Deprem sonrası kanalizasyon ve yeraltı su sistemlerinin kirlenmesiyle doğrudan veya dolaylı yol ile yüzeye çıkan buharlaşmış su tozlara karışmasıyla çevreyi kirletmiştir. Çevrenin kirlenmesine sebep olan bu kirlikler Sakarya Üniversitesinden M.Ş.Dündar ve M. F. Pala tarafından 2000 yılının Mayıs ve Ekim ayları arasında Adapazarı’nda deprem enkazlarında toz toplanarak yapılan çalışmada bulunmuştur. Afetlerde çevre kirliliği sıkça yaşanılan bir olaydır. Afet meydana geldikten sonra meydana gelen çevre kirliliği kaynaklarının yol açtığı sorunlar; geçici afet merkezlerinin iyi planlama yapılmamasından kaynaklı bulaşıcı hastalıkların meydana gelmesi, su kaynaklarının yeterince iyi klorlanmaması, afet zamanında tüketilecek besinlerin günlük kalori alımının hesaplanamaması ve temiz su ile yıkanmaması, sıvı atık ve tuvaletlerin iyi planlamasının yapılmamasından dolayı çevre kirliliğinin meydana gelmesi ve bulaşıcı hastalıkların artması, evsel atıkların doğru yöntem ile toplanmamasından kaynaklı çevrenin kirlenmesi, afet alanlarında çok fazla insanın olmasından dolayı ve planlı düzenli hareket etmedikleri zaman çevreyi kirletmeleri ve hasta olduklarında da tedavi olmadıklarında diğer insanlara bulaştırma risklerinin artması, özel kirliliklerin kontrol altına alınmamasından kaynaklı birçok hastalık ve kirliliğin meydana gelmesi, enkaz ve molozların deprem yerinden doğru bir şekilde kaldırılmaması sonucunda çevrede birçok kirlilik meydana gelerek insan ve canlı yaşamı tehlikeye atılmış olur.
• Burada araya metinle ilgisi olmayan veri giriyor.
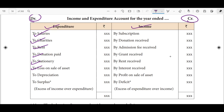Next is depreciation — depreciation is of course another expense. On the income side, the current year subscription goes to income. Next is donation received. If you receive a donation, admission fee is also included. Grants are also received.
Ağır metallerin insan ve canlı hayatını tehlikeye sokmaması için alınması gereken bazı önlemler vardır. Bunlar; afetler meydana geldikten sonra enkaz çalışmalarının dikkatli ve planlı yapılmasının sağlanması, toprak kirliliğinin ve su kirliliğinin önüne geçilmesi, endüstri faaliyetlerinin toprağı kirletmeyecek şekilde yapılmasıdır. 6 Şubat 2023’de meydana gelen ve 11 ilin etkilendiği Kahramanmaraş merkezli depremler 1999 yılında meydana gelen Gölcük ve Adapazarlı depremlerinden çok daha yıkıcı ve can kaybına sebep olan şiddette depremlerdir. Bu depremlerde şehirlerin neredeyse yüzde 70-80’nine yakın kısımları yerle bir olmuş, her taraf enkaz dağları haline gelmiştir. Bu enkazların sebep olduğu yeraltı ve yerüstü su, hava, toprak ve gıdalardaki ağır metal kirliliği bölgede etkisini uzun yıllar sürdürecektir. O nedenle bölgede halk sağlığını etkileyen bu unsurlar çok ciddi bir şekilde takip edilmeli ve önlenmeli, bölgede ikinci deprem etkisi yaratacak sağlık problemlerine fırsat verilmemelidir.